| Goal of the exercise |
For this exercise, retype the lines from the one that holds "image for item" through the one that holds "Pre Columbian Totonac" in the records below, both included, exactly and without pictures.

--- Material provided ---

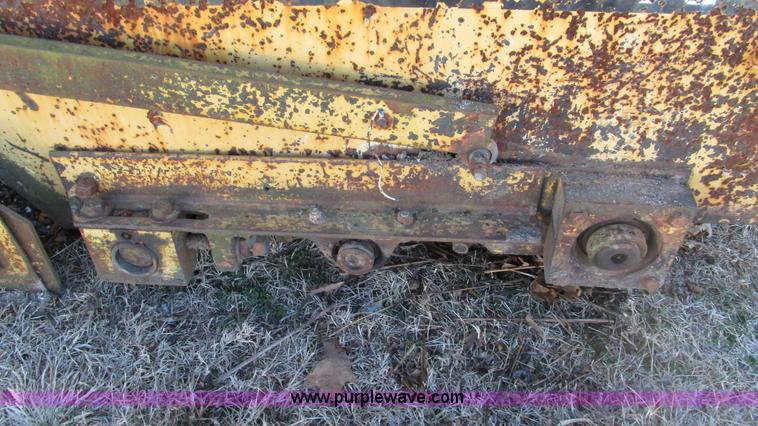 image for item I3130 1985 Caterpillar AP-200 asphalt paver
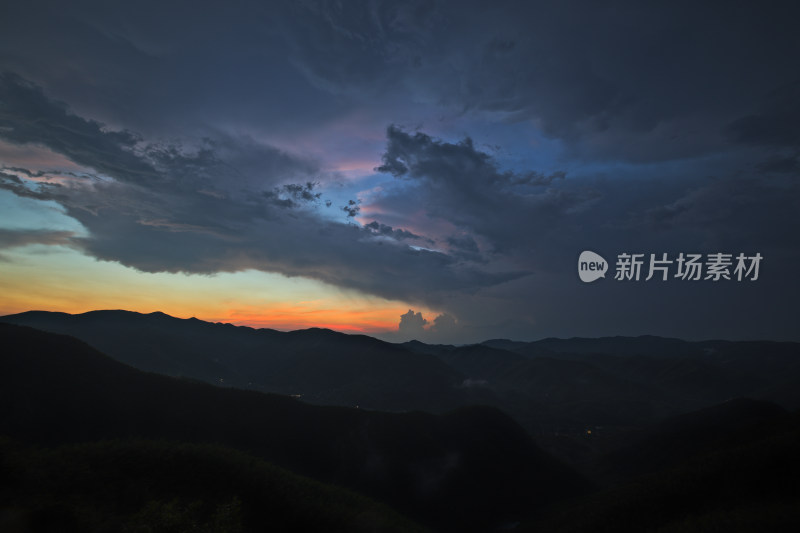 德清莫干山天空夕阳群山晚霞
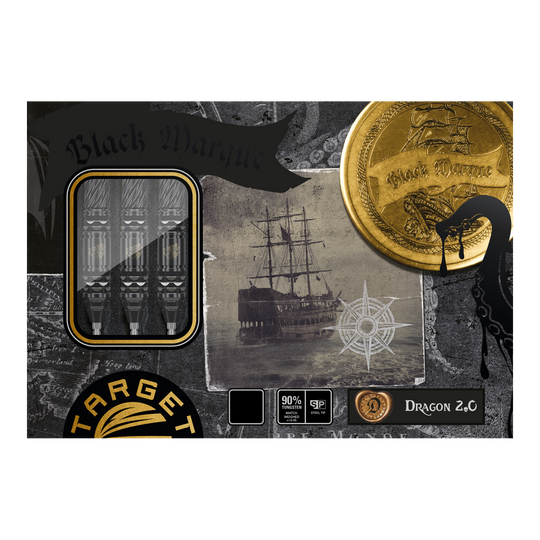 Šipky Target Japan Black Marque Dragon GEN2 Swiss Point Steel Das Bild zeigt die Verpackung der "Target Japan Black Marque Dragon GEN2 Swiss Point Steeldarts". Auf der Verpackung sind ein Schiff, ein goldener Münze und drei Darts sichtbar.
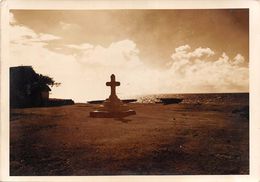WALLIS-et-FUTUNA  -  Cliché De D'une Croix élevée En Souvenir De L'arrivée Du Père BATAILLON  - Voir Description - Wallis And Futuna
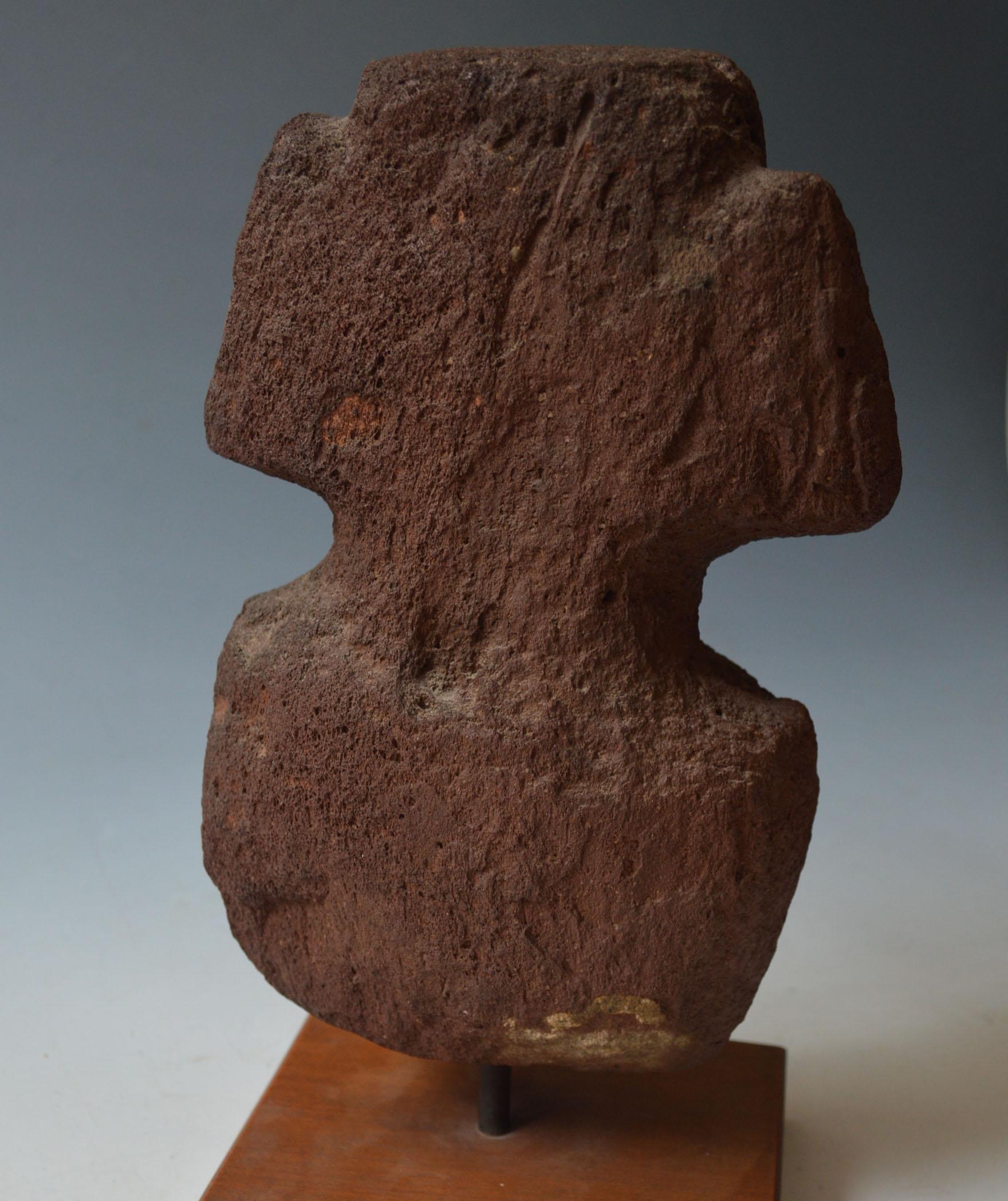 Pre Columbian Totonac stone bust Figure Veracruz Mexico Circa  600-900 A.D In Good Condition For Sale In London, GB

---
--- Material provided ---

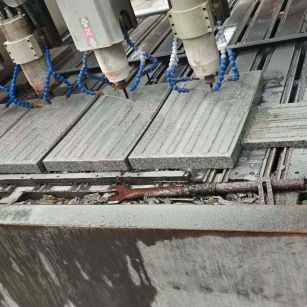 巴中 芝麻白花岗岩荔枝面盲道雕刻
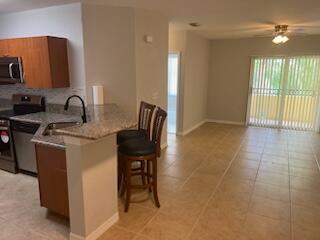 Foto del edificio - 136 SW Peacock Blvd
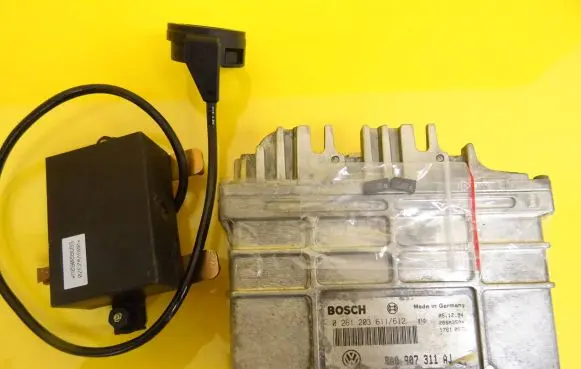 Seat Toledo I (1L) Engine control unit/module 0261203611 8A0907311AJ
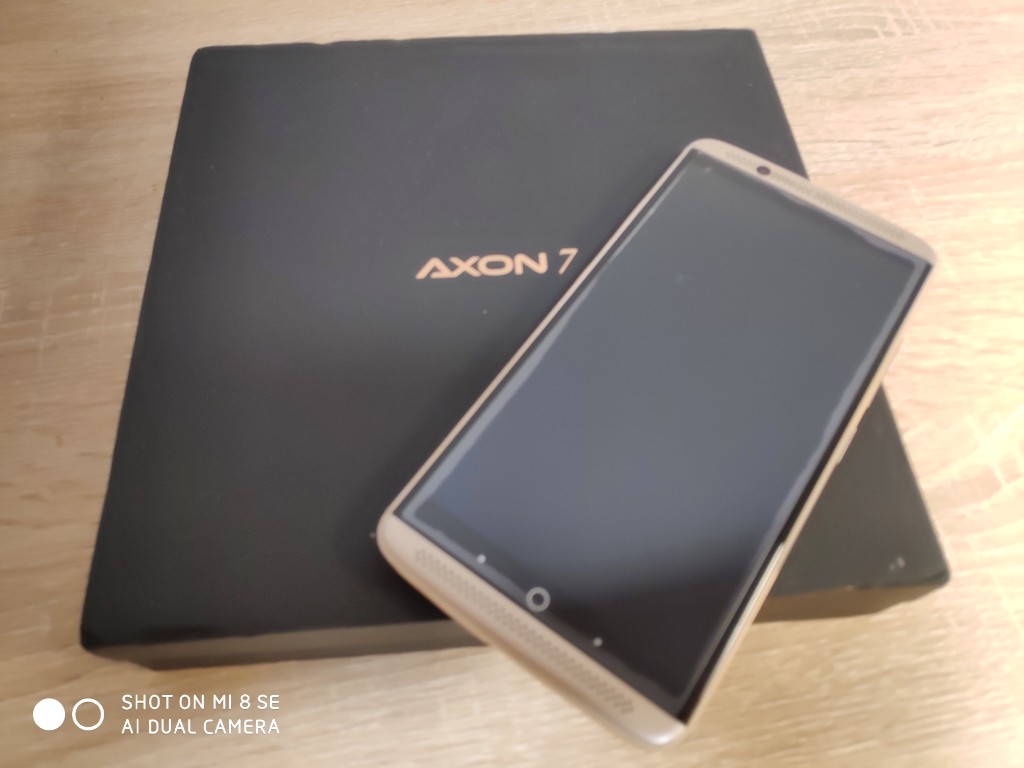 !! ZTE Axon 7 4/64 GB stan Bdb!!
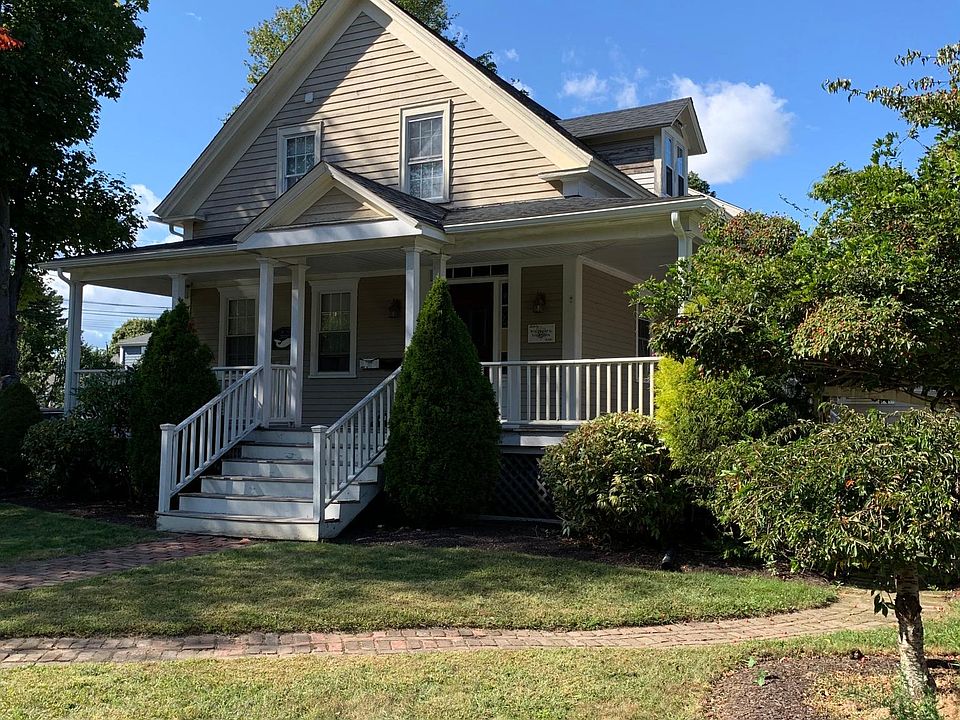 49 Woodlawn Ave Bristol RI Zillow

---
--- Material provided ---

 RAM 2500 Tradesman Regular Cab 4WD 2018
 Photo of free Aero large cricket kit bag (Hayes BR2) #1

---

| Exercise solution |
 image for item I3130 1985 Caterpillar AP-200 asphalt paver
 德清莫干山天空夕阳群山晚霞
 Šipky Target Japan Black Marque Dragon GEN2 Swiss Point Steel Das Bild zeigt die Verpackung der "Target Japan Black Marque Dragon GEN2 Swiss Point Steeldarts". Auf der Verpackung sind ein Schiff, ein goldener Münze und drei Darts sichtbar.
WALLIS-et-FUTUNA  -  Cliché De D'une Croix élevée En Souvenir De L'arrivée Du Père BATAILLON  - Voir Description - Wallis And Futuna
 Pre Columbian Totonac stone bust Figure Veracruz Mexico Circa  600-900 A.D In Good Condition For Sale In London, GB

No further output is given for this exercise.